Segment Open
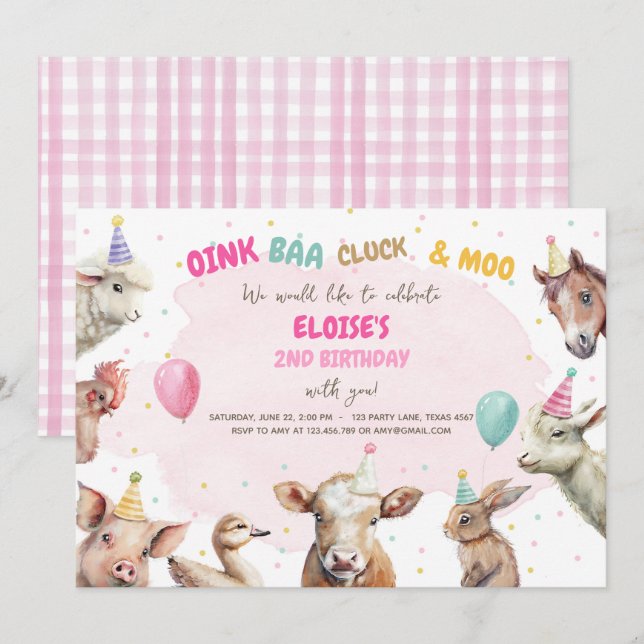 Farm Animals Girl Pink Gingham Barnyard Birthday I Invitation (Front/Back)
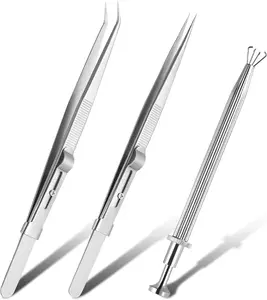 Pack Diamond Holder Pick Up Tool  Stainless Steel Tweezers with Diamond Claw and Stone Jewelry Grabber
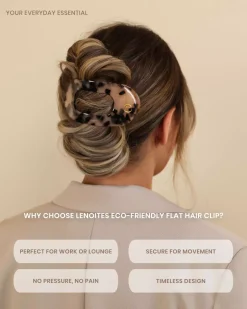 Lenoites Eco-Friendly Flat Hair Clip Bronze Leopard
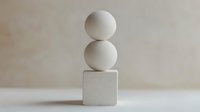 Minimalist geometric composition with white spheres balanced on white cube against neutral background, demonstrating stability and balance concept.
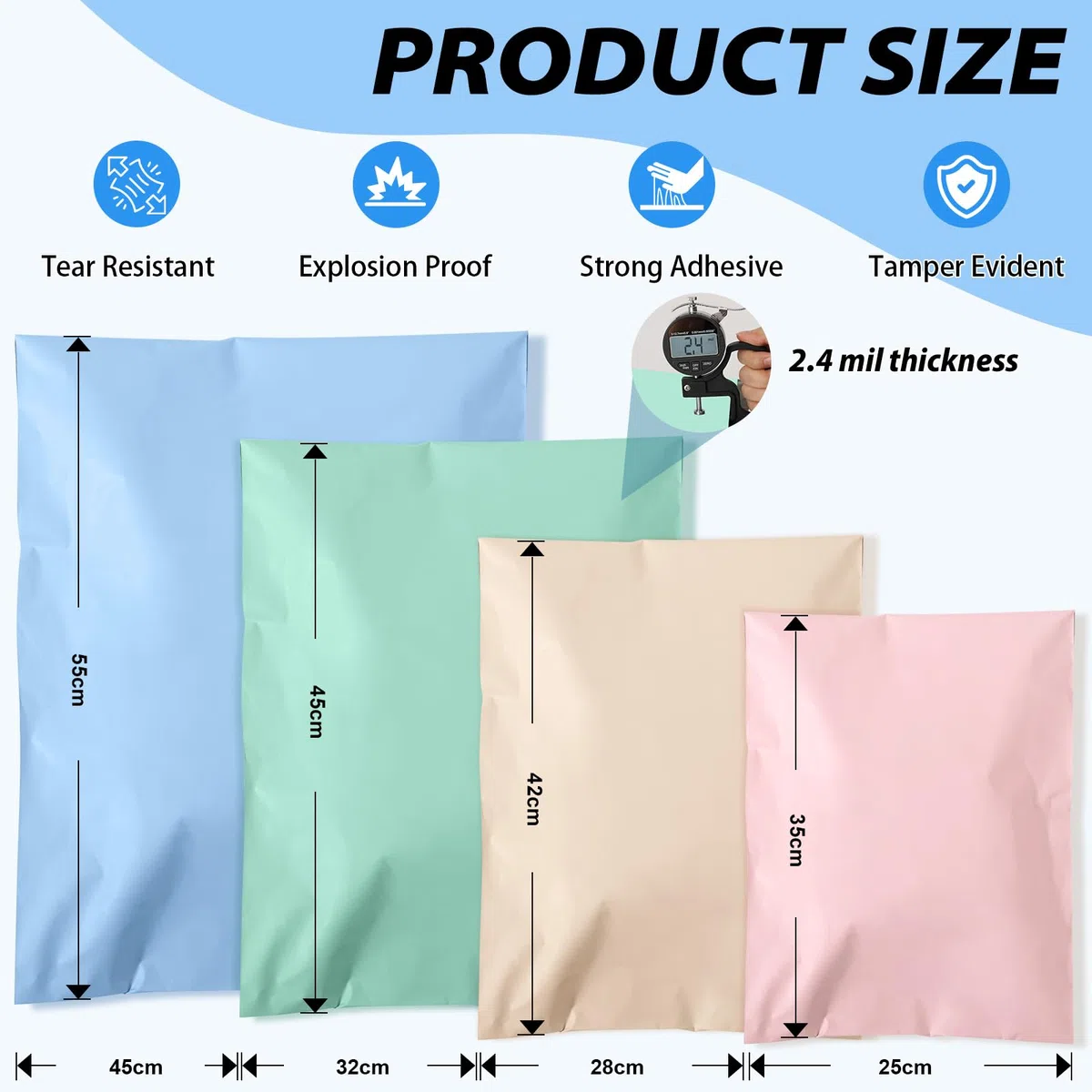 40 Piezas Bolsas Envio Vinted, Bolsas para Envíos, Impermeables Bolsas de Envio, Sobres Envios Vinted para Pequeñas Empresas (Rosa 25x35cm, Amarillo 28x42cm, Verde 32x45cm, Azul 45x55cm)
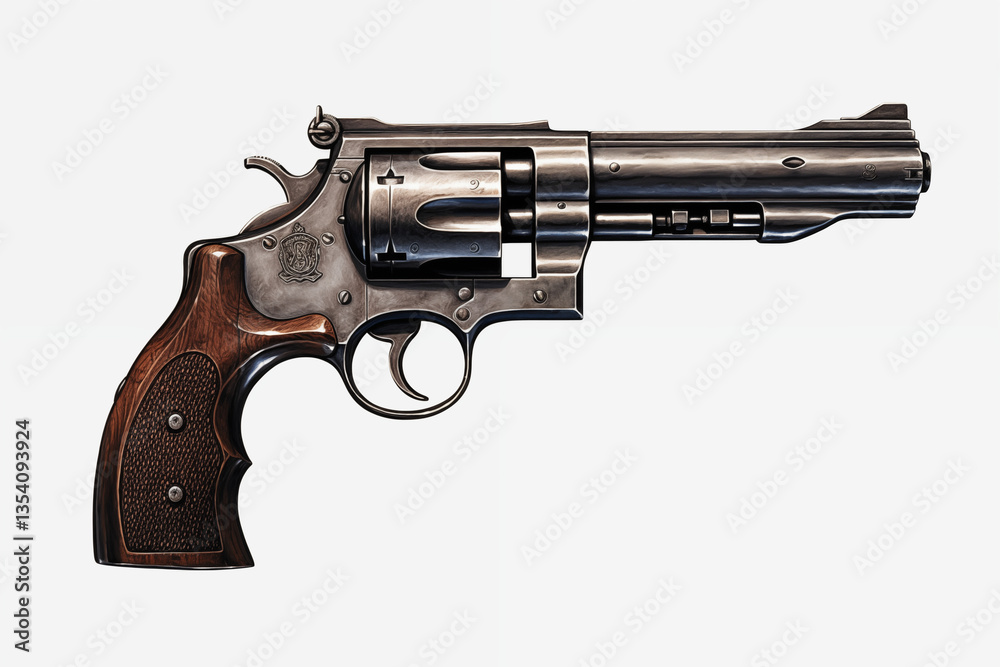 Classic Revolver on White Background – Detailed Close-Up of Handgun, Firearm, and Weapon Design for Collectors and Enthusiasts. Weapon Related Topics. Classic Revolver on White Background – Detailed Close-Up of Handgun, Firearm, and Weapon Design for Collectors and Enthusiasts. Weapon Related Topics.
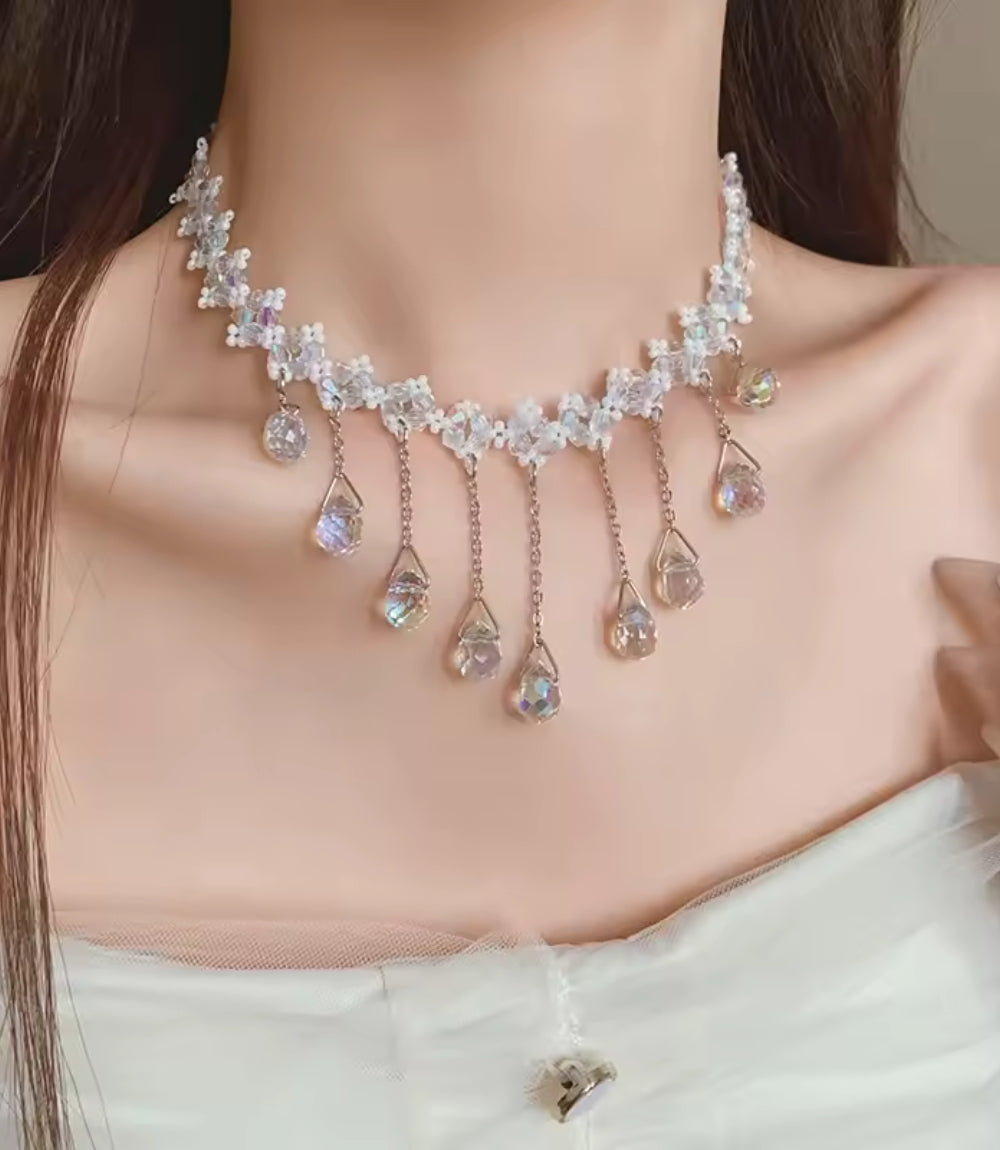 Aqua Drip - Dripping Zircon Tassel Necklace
Segment Closed
EXERCISE DIRECTIONS: Each line from the one containing "Minimalist geometric composition" through the last line of the entries above is to be extracted exactly. Pictures are not part of the copy.

SOLUTION:
 Minimalist geometric composition with white spheres balanced on white cube against neutral background, demonstrating stability and balance concept.
 40 Piezas Bolsas Envio Vinted, Bolsas para Envíos, Impermeables Bolsas de Envio, Sobres Envios Vinted para Pequeñas Empresas (Rosa 25x35cm, Amarillo 28x42cm, Verde 32x45cm, Azul 45x55cm)
 Classic Revolver on White Background – Detailed Close-Up of Handgun, Firearm, and Weapon Design for Collectors and Enthusiasts. Weapon Related Topics. Classic Revolver on White Background – Detailed Close-Up of Handgun, Firearm, and Weapon Design for Collectors and Enthusiasts. Weapon Related Topics.
 Aqua Drip - Dripping Zircon Tassel Necklace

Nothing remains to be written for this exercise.